To claim a future for herself in a world that doesn’t want her to survive, Aina will have to win a game of murder and conspiracy—and risk losing everything.
Full of action, romance and dark magic, book one of Francesca Flores’ breathtaking fantasy duology will leave readers eager for more!”

  • Aina Solís – Aina was left orphaned at a young age, but grew up under the tutelage of one of her city’s most notorious gang leaders, the Blood King. She has risen through the ranks as a skilled assassin, but has high hopes of one day being his equal. Her personal arc has her working out her complicated feelings for boss/mentor, reevaluating her worldview when it comes to the classes, and prioritizing her own needs over any potential romance.

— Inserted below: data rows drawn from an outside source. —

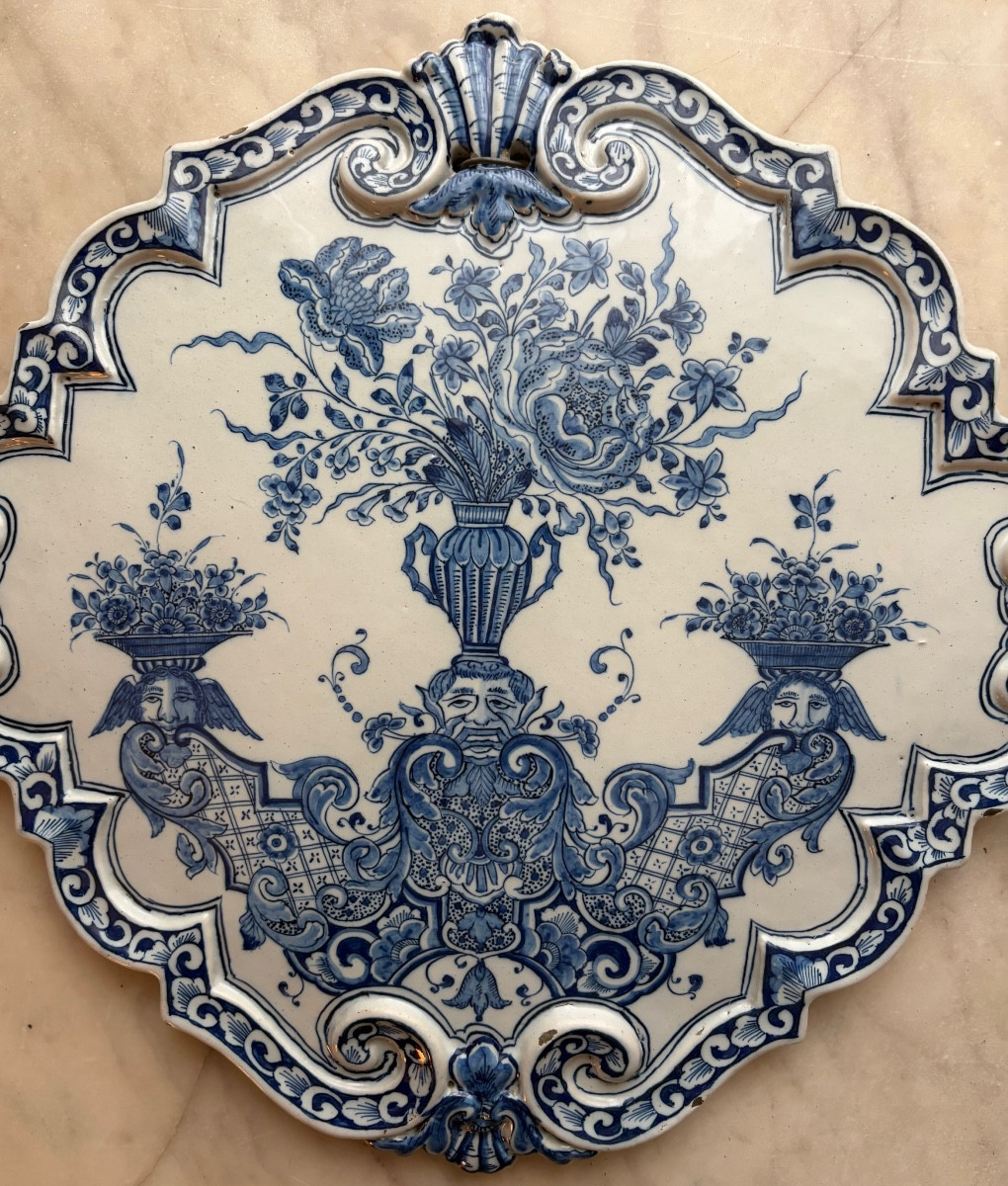 Dutch Delft Plaque-photo-2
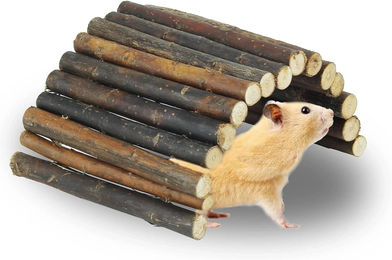 Coradoma Natur Weidenbrücke Nagerbrücke für Kleintiere – Bild 1 von 6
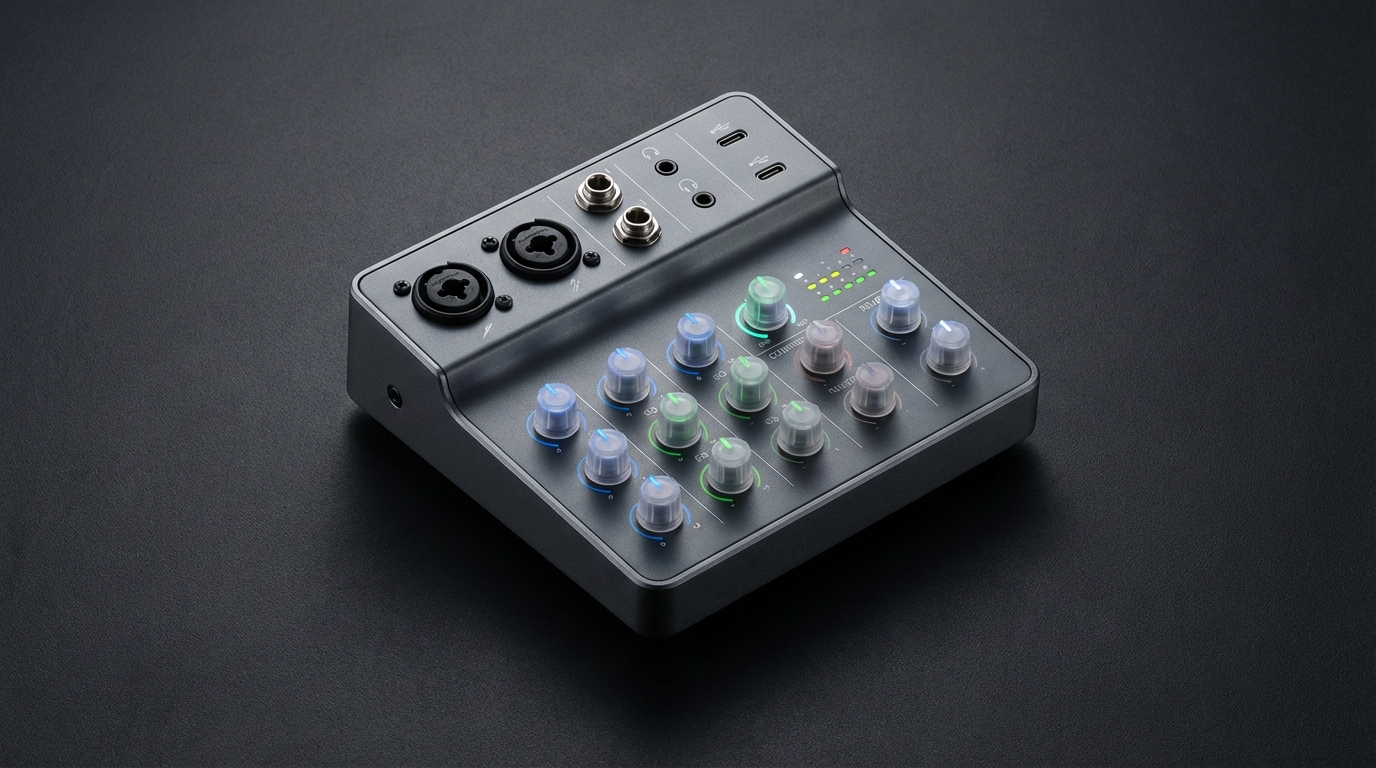 Roland Go:Mixer Studio visual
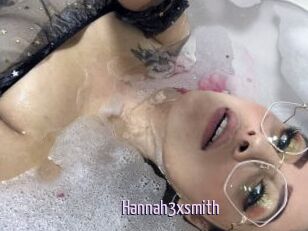 Hannah3xsmith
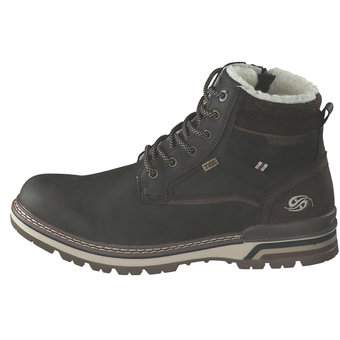 Dockers Schnür Boots in braun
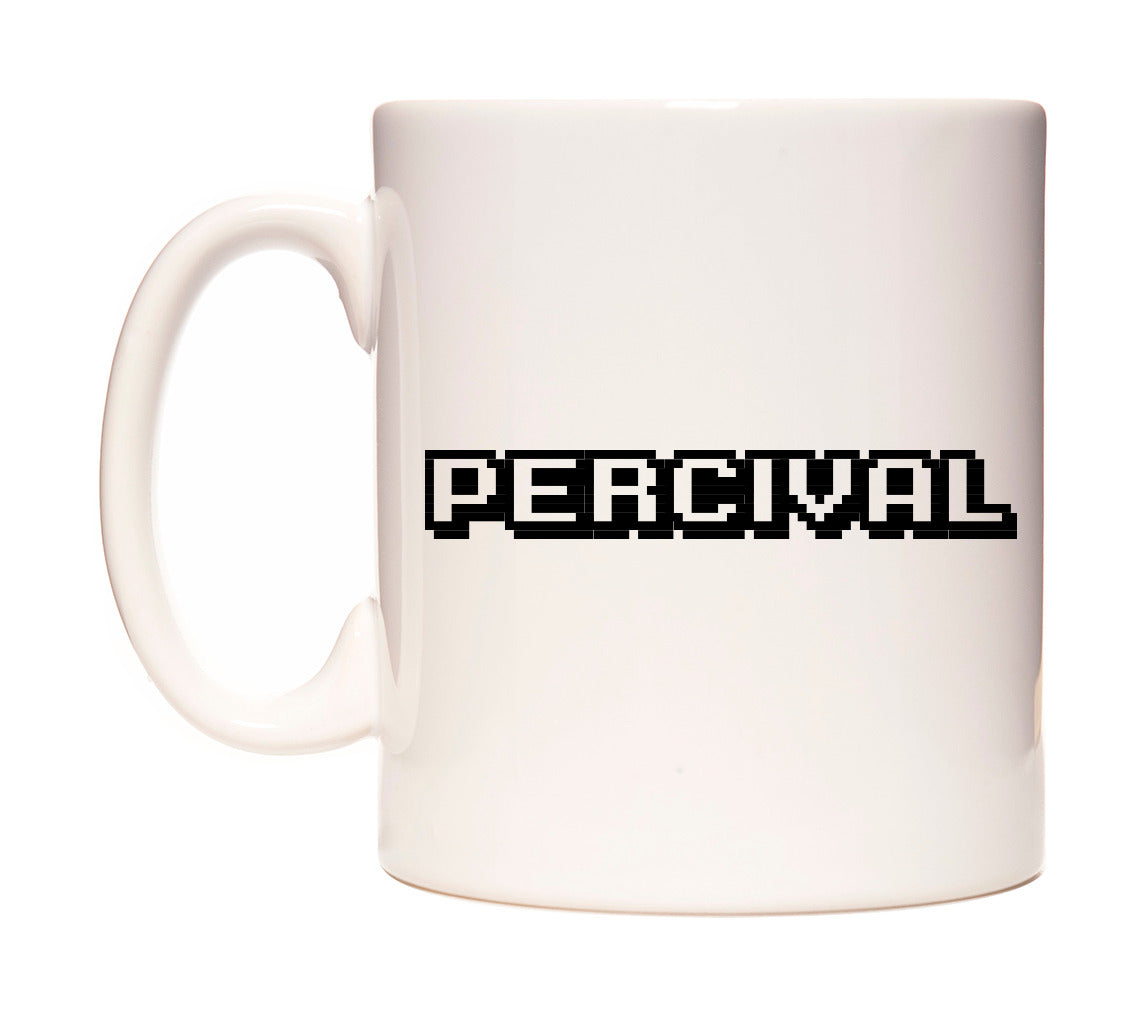 Percival - Arcade Themed Mug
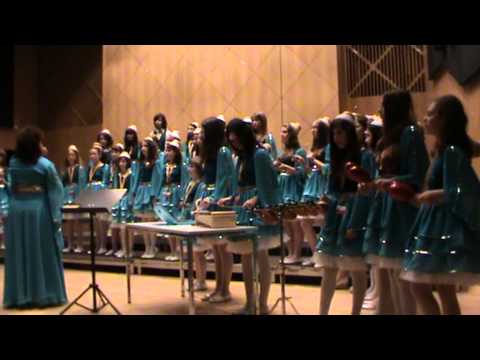 ALPHA LIRAE Frankfurt International Choral Contest Gh.Dutica:Ostinato 2012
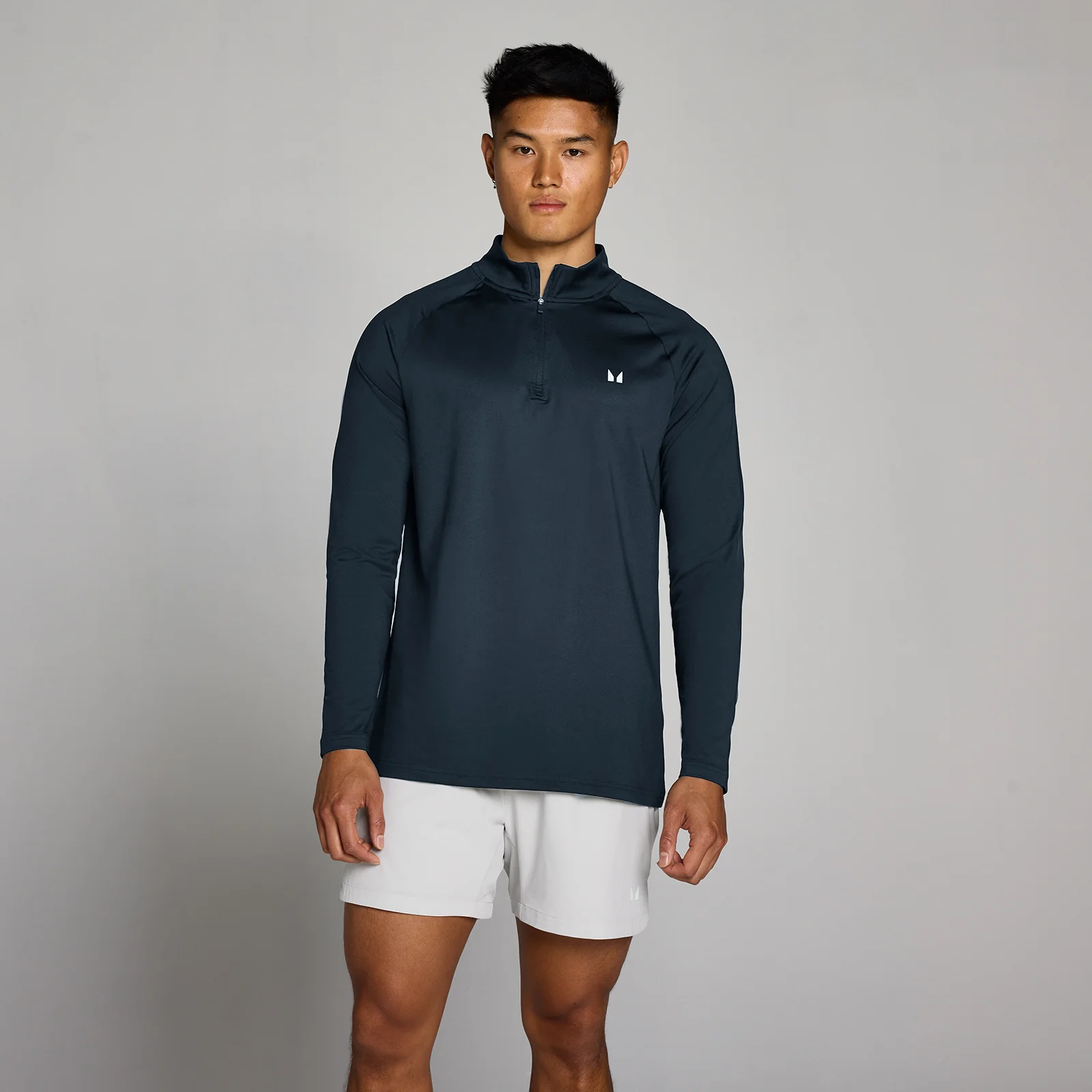 MP Men's Training 1/4 Zip - Dark Navy - XS Image 1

  • World-building – I really like the world Francesca Flores has built. It addresses classism, includes immigration, and deals with religious persecution in a really interesting setting. Kosin underwent a civil war years ago and many people, including Aina, lost their family. When the war ended, the lower class became even more powerless as the upper class, known as Steels, profited heavily from industrialization, but left places like the Stacks, overpoliced and subject to the laws of its gangs. There is also a magical element to the story involving diamonds, blood magic, and the worship of two goddesses known as the Mothers which I found really interesting.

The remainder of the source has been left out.